2016-06-30
Dex, the main character in "The Tao of Steve," is an unlikely lothario, to put it mildly. He is a fat, 32-year-old part-time kindergarten teacher who shares a house in Santa Fe with three slacker roommates and a dog that lives to have whipped cream shot into his mouth from the can. Dex's own ambitions rarely exceed lounging around in a bathrobe, smoking dope, and spouting Zen platitudes. And yes, meeting the ladies.

As it turns out, the ladies find Dex's wit and easy manner, carried off perfectly by Donal Logue, simply irresistible. Over the course of this charming romantic comedy, Dex, despite all his shortcomings, manages to score with a frequency and ease that would make James Bond think he woke up in some inverted parallel universe.

The movie begins at Dex's college reunion, where he has sex with an old girlfriend in the library and then escorts her back to her handsome, well-dressed husband. As he walks through the crowd, Dex overhears women, many of them his former conquests, commenting on how much the "smartest guy on campus" has let himself go. He's unfazed. When one woman says to his face, "You were Elvis!" he calmly replies, "Well, now I'm fat Elvis." He orders a drink at the bar, and soon the bartender, a comely coed, falls under his glib spell.

Dex knows what he's got, and he's the first to admit it ain't looks. "I mean, look at me!" he tells his much thinner and far lonelier friends who are always tapping him for dating advice. His secret? He has the right philosophy of life and love, or at least lust--a personal Weltanschauung he cobbled together with threads from Lao-tzu, Heidegger, and Marx (Groucho, that is).

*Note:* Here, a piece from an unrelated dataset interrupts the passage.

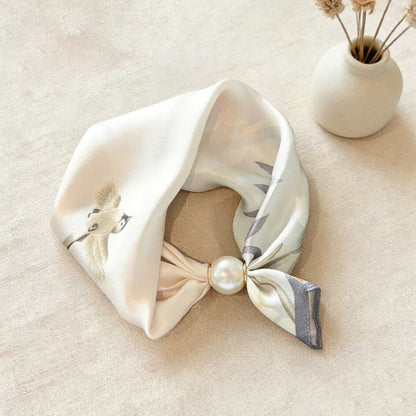 🤍 Magnetic scarf with a pearl – look elegant in seconds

He calls his system the Tao of Steve-"Steve" being the name that represents for him all that is cool, confident, and unruffled, no matter what life may bring. The examples he cites are Steve McGarrett, Steve Austin, and the all-time king of laid-back Steves, Mr. McQueen.

It's a philosophy Dex began formulating back in Phil 101, where he cut through the beer fog long enough to glean a vocabulary (a decade after college his "favorite word" is still "solipsistic") and a reading list with which to impress chicks and rationalize his life as a confirmed underachiever. "Slacker detachment is a Buddhist virtue," he argues in one scene. In another, he muses: "Hitler did a lot, and don't we all wish he'd stayed home and got stoned?"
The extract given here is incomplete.